The problem:
What is needed here is an exact repetition of the records below, beginning at the line that has "6034 Thurber Lane" and stopping after the line that has "WWII Veteran John".

Data to examine:
• • •
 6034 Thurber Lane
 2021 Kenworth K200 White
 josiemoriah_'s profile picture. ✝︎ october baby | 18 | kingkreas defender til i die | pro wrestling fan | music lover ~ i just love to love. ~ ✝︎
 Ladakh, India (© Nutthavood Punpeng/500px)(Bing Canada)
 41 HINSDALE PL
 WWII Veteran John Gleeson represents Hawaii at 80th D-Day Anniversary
• • •
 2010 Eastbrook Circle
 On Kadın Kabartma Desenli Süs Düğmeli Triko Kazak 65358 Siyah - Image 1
• • •
Answer to the exercise:
 6034 Thurber Lane
 2021 Kenworth K200 White
 josiemoriah_'s profile picture. ✝︎ october baby | 18 | kingkreas defender til i die | pro wrestling fan | music lover ~ i just love to love. ~ ✝︎
 Ladakh, India (© Nutthavood Punpeng/500px)(Bing Canada)
 41 HINSDALE PL
 WWII Veteran John Gleeson represents Hawaii at 80th D-Day Anniversary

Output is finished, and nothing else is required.